What was the actual code that was read from the ECU?

And shut off the damn caps lock...jeeze...newb...


----------



## smj999smj (Jan 1, 2006)

Would be nice to have the actual code. The oxygen sensor nor its trouble code should have no affect in the starting of the vehicle. Typical no start problems are often due to a faulty cam or crank sensor, which were recalled. You may want to contact your Nissan dealer and have them run your VIN# for outstanding campaigns and recalls.
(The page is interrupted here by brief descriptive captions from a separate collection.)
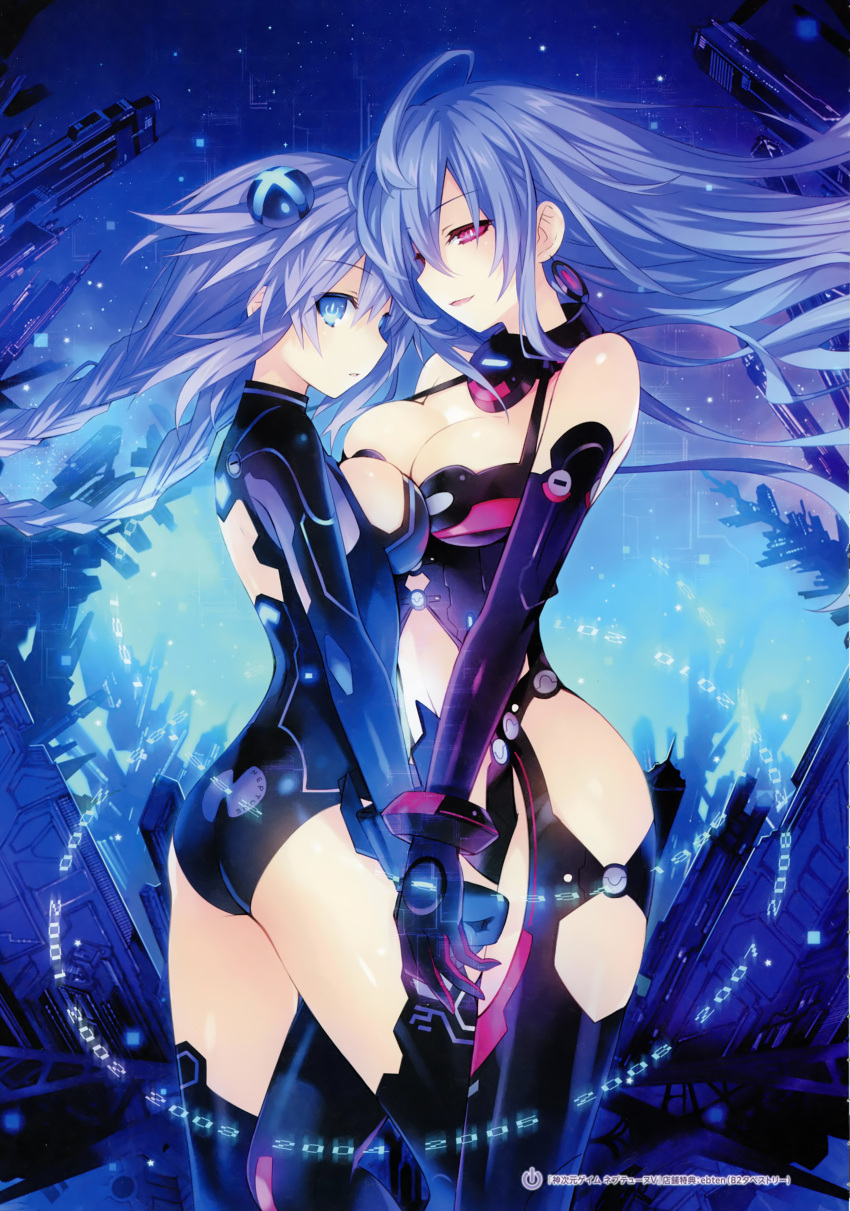 2girls absurdres bangs braid breasts cleavage elbow_gloves eyebrows_visible_through_hair full_body gloves highres iris_heart leotard long_hair looking_at_viewer medium_breasts multiple_girls neptune_(series) purple_heart scan simple_background smile thigh-highs tsunako twin_braids twintails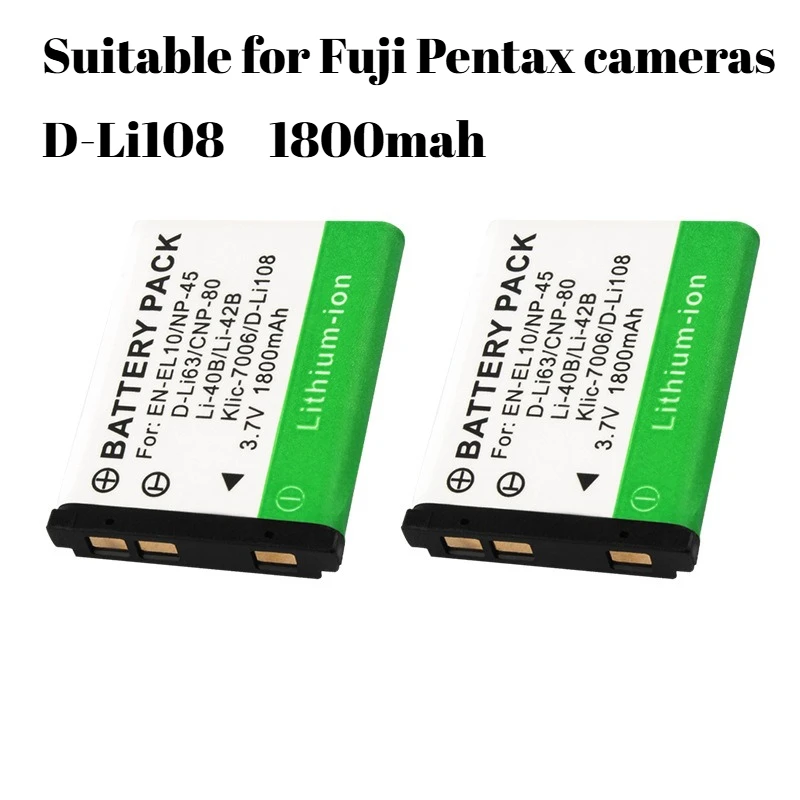 

3PCS D-Li108 Battery 1800mAh for Fujifilm Camcorder Compatible with FinePix JZ505 JV100 JX255 JX200 JX300 S4800 S6800 Camera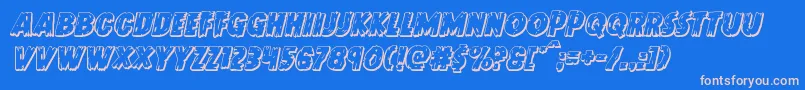 Doktermonstro3Dital-Schriftart – Rosa Schriften auf blauem Hintergrund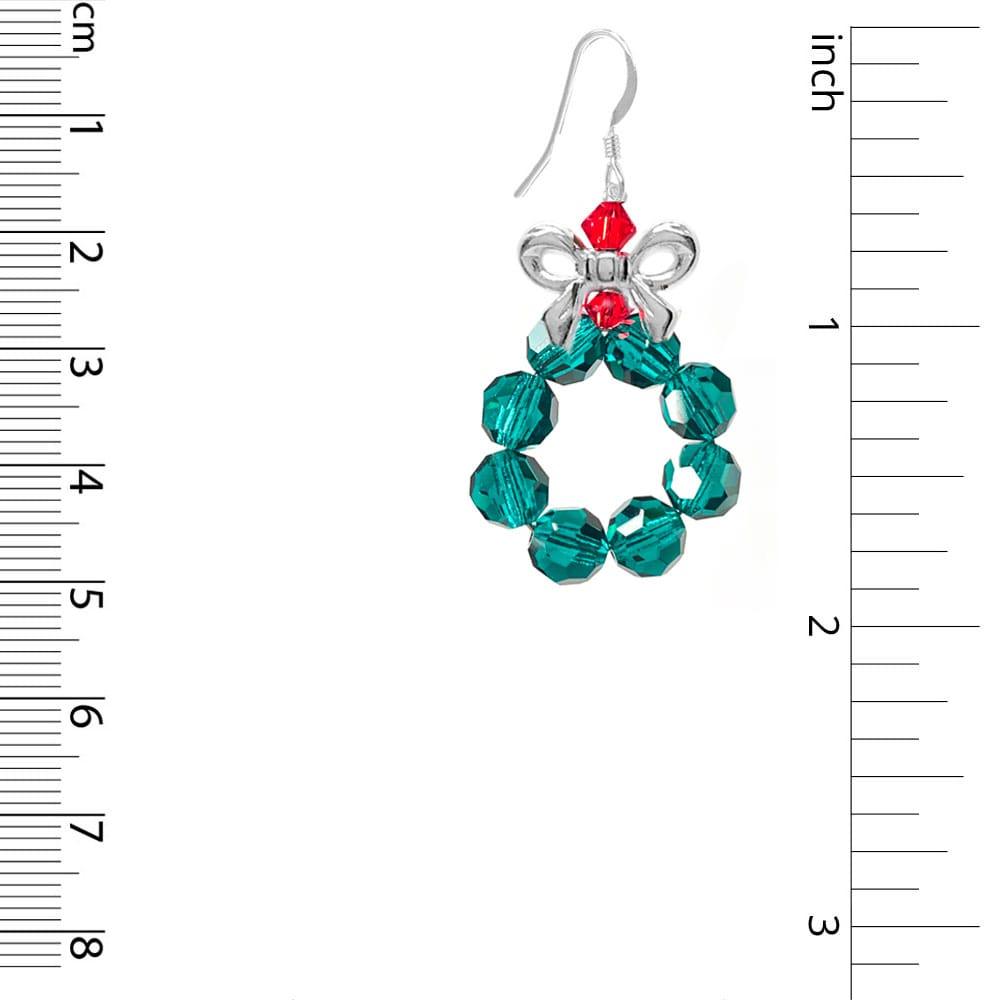 green Christmas Wreath Earring Kit  measurement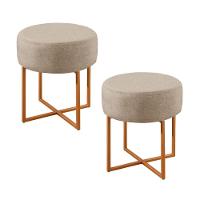 Conjunto - 2 Puffs Banqueta Otávio Luxo Castellar Móbile Linho Bege - 1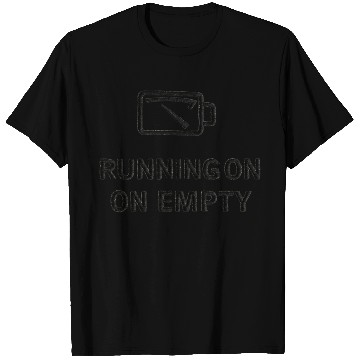 Discover RUNNING ON EMPTY – Black Thread on Beige T Shirts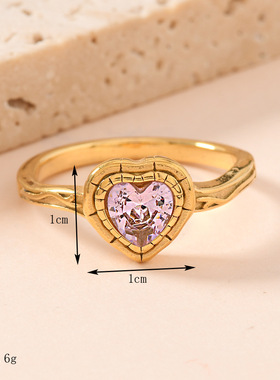 时尚复古爱心钻戒4152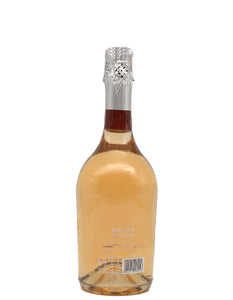 Weinkeller Hohenbrunn: Bild einer Spumanteflasche Spumante Rosato Extra Dry von Fugaro`s Linea Cà del Teo  von hinten               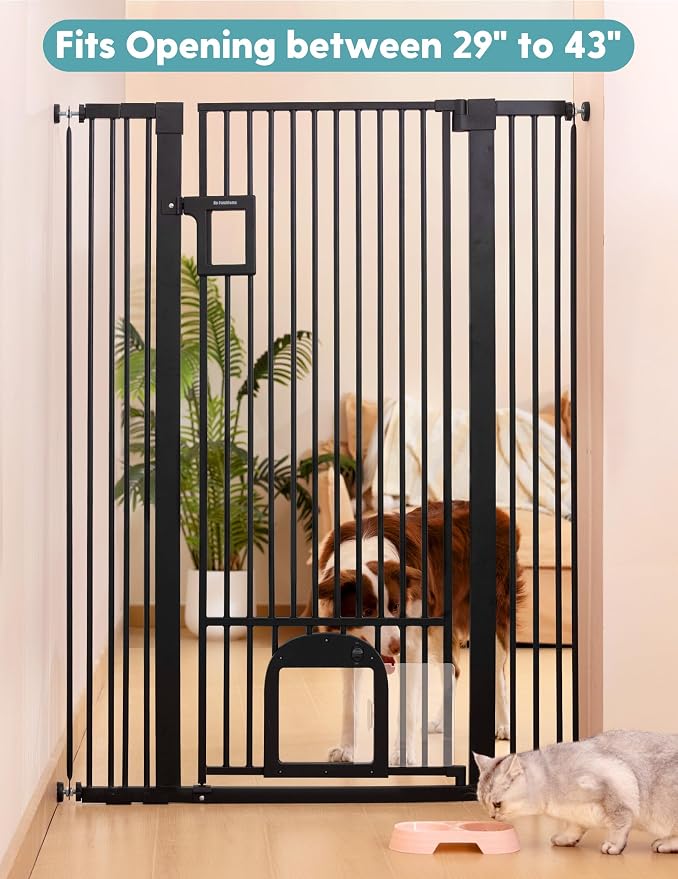 No Pawblems 55" Extra Tall Pet Gate with Cat Door, 29"-43" Dog Gate Indoor | NO Drilling Pressure Mounted for Doorways/Hallways, 1.37" Bar Spacing, One-handed Operation, Auto Close, Dual Lock, Black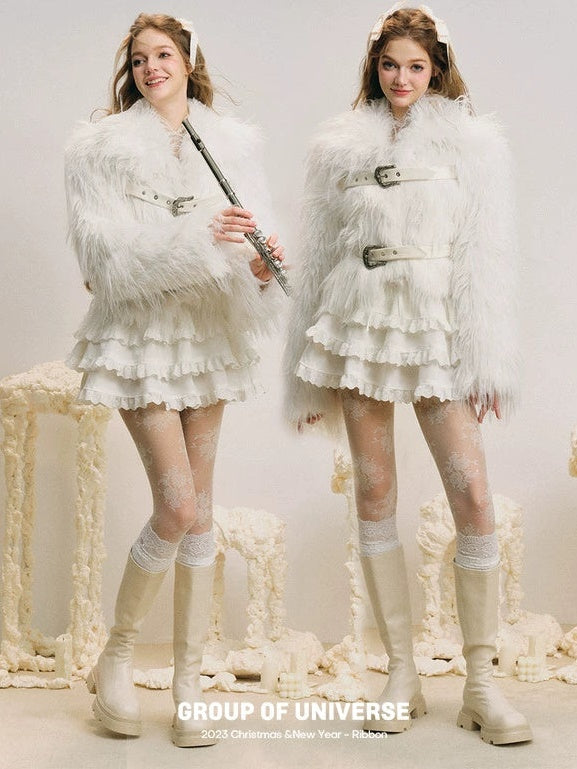 Fluffy Eco-friendly Strap Fur Coat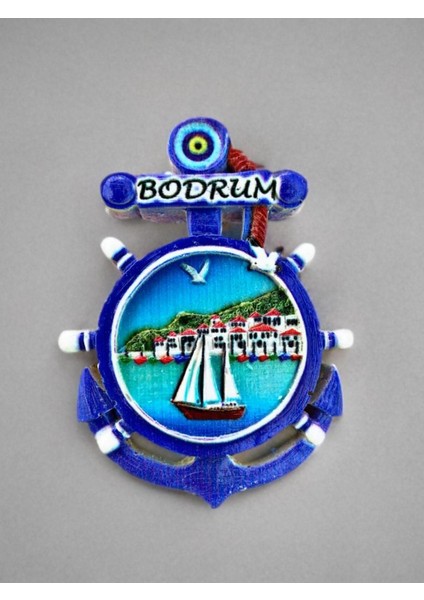Bodrum Temalı Kabartmalı Polyester Magnet. 6cm x 8,5cm.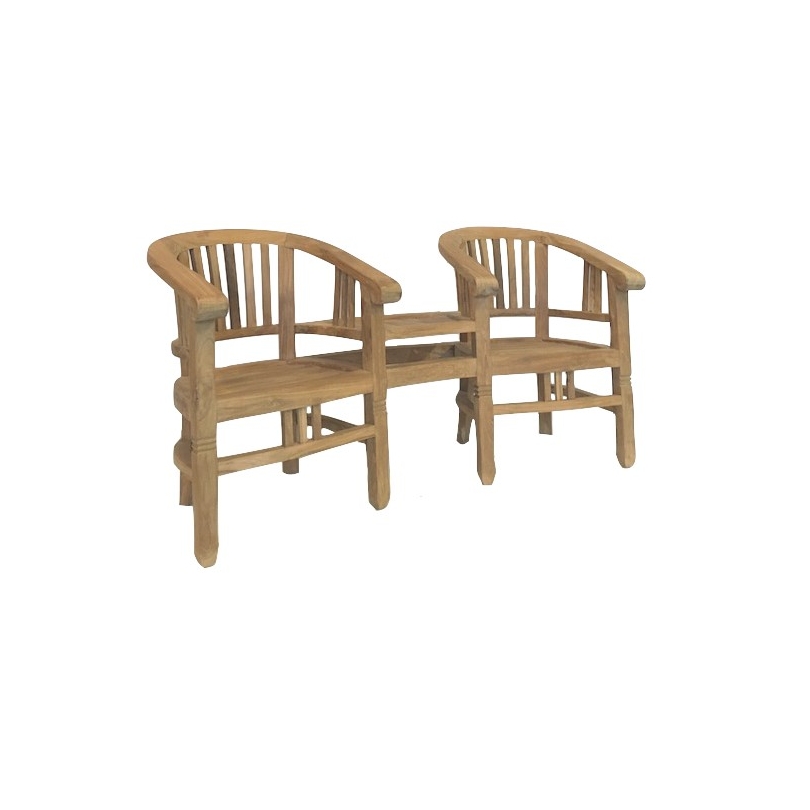 Banc de jardin double \"Betawi\" enfant en teck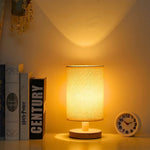 Luminária de mesa Moderna em Madeira e Tecido - Abajur USB Dimmer com 3 Opções de Temperatura de Cor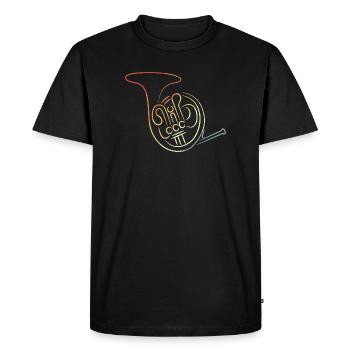 Vintage French Horn Drawing - Men's Premium Organic T-Shirt - black - Front - Nico (187cm)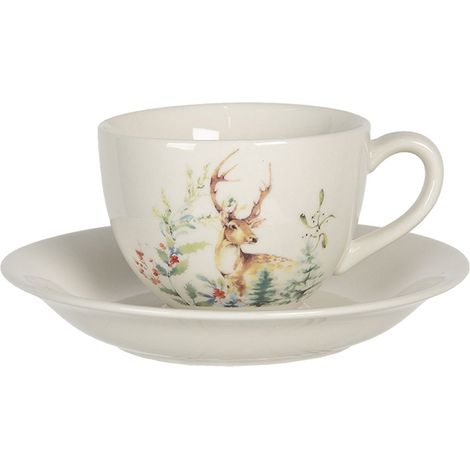Tasse et Soucoupe en Céramique Blanche avec Décor Rural de Cerf et Arbres Colorés 200 ml - PANGIVO (1/5)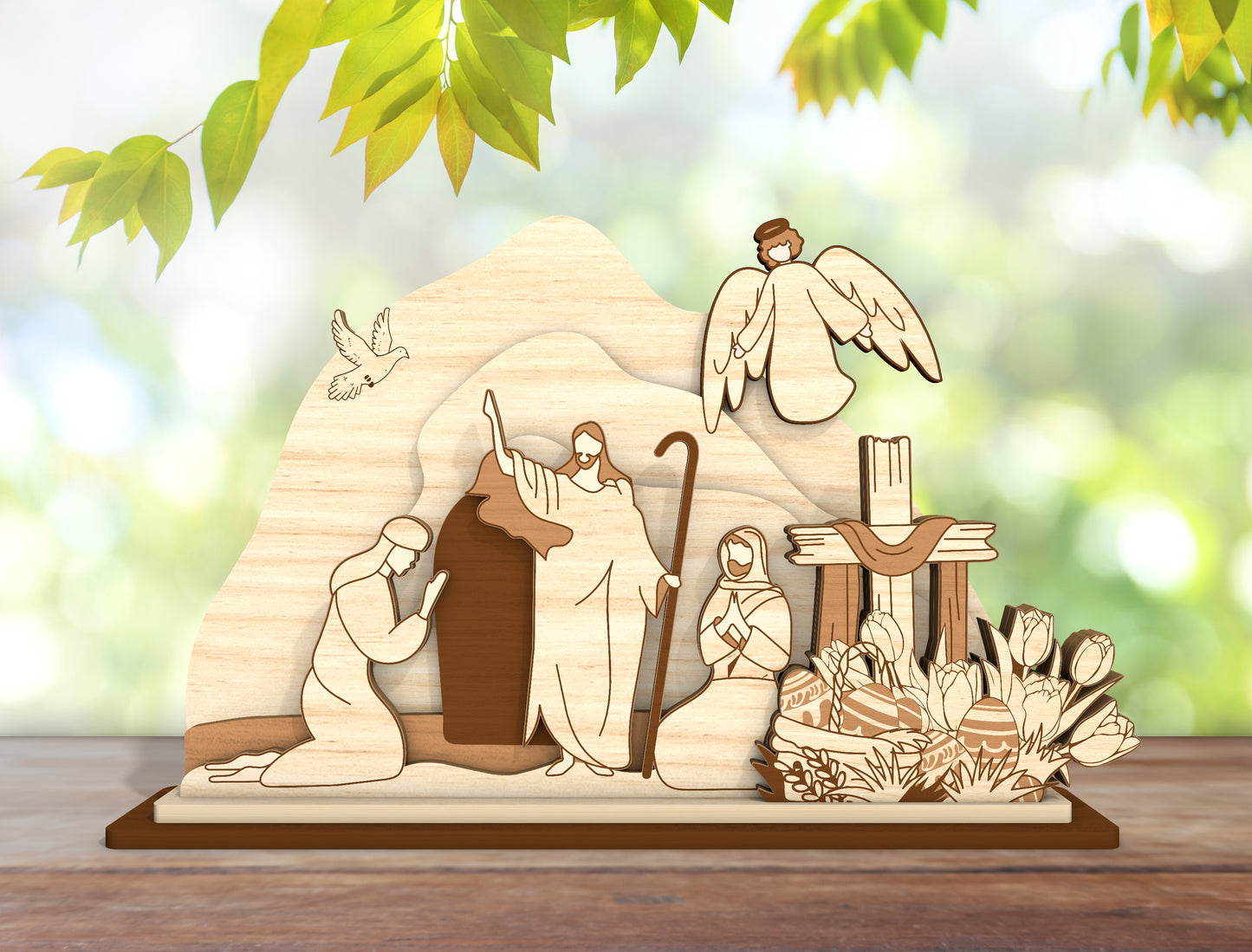 He Is Risen Cross and Bunny Decor SVG Bundle for Glowforge and xTool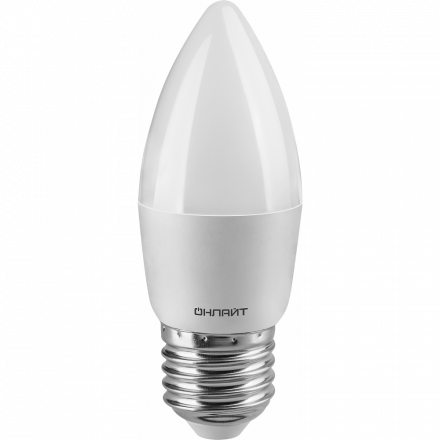 Лампа светодиодная LED 8вт Е27 дневной матовая свеча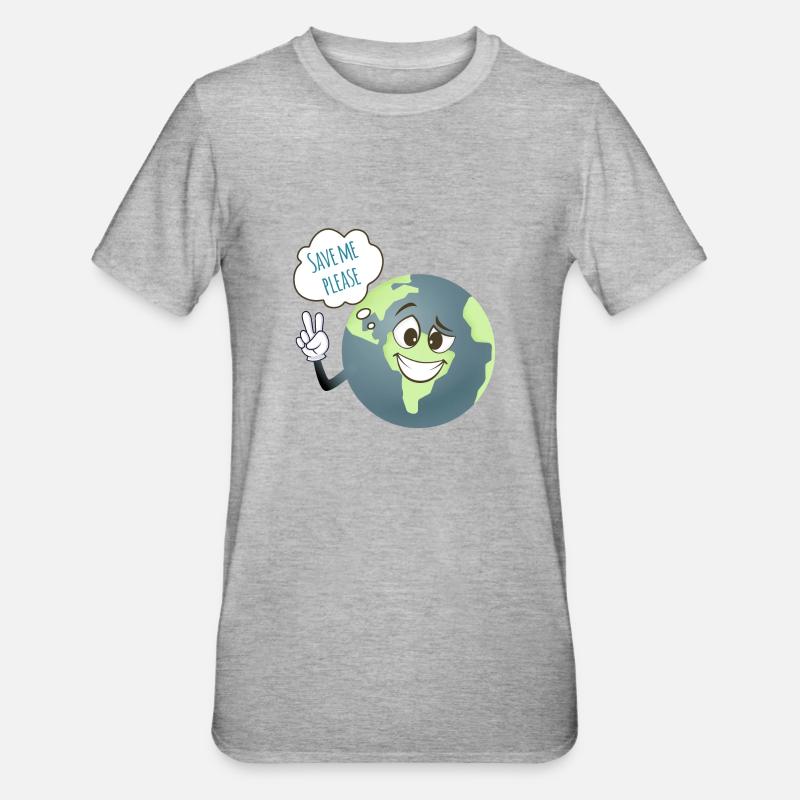 Please save me. We have only one earth. - Unisex Polycotton T-Shirt - heather grey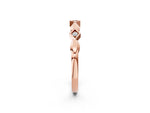 Rose gold Square Diamond Twist Band with Bezel Setting_2
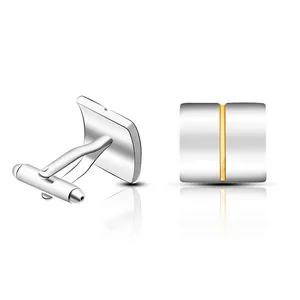 Minimalist Square Polished Copper Gold Plated Cufflinks For Men French Shirt Business Wedding Party Formal Accessories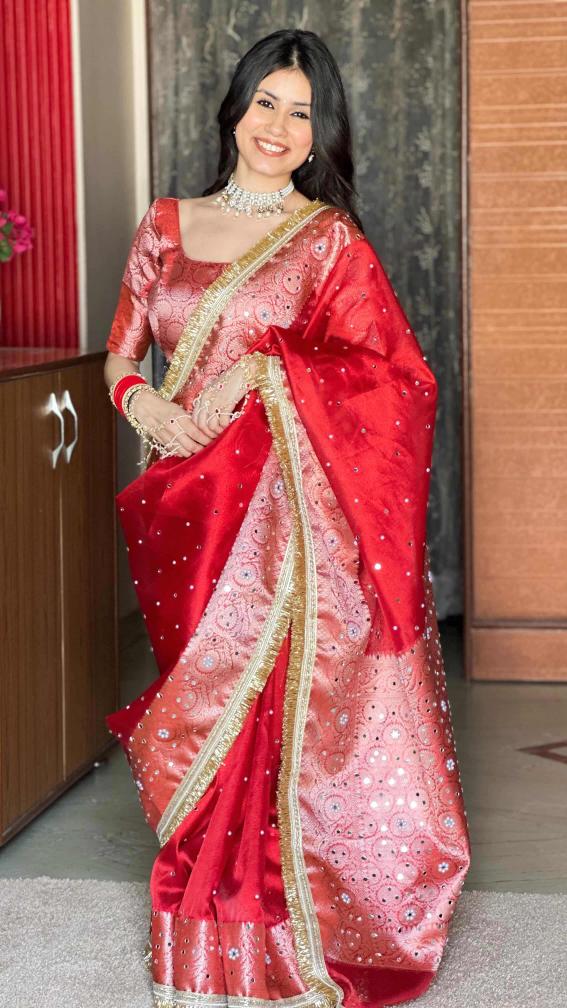 Banarasi Mirror Work Tissue Silk Saree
If the problem occurs again and the fuel pump is suspect, then the fuel pressure should be tested.


----------



## HOLLYHOOD50 (Apr 19, 2011)

THANK YOU MUCH FOR YOUR HELP smj999smj UNFORTUNATELY I DO NOT HAVE THE CODE BUT WILL DO AS YOU SUGGESTED. I KIND OF THOUGHT IT MIGHT OF BEEN THE CAM OR CRANK SENSOR AT FIRST. YOU HAVE SUGGESTED A GOOD START FOR ME! 
AS FAR AS jdgrotte GOES IM NOT POSTING A QUESTION TO RECEIVE YOUR KIND OF COMMENTS SO I WOULD PREFER IF YOU JUST NOT RESPOND ANYMORE. THANK YOU


----------



## jdg (Aug 27, 2009)

> AS FAR AS jdgrotte GOES IM NOT POSTING A QUESTION TO RECEIVE YOUR KIND OF COMMENTS SO I WOULD PREFER IF YOU JUST NOT RESPOND ANYMORE.


*OK, SOUNDS LIKE GOOD PLAN. LET ME KNOW HOW THAT WORKS OUT FOR YOU.*..or don't...newb...


----------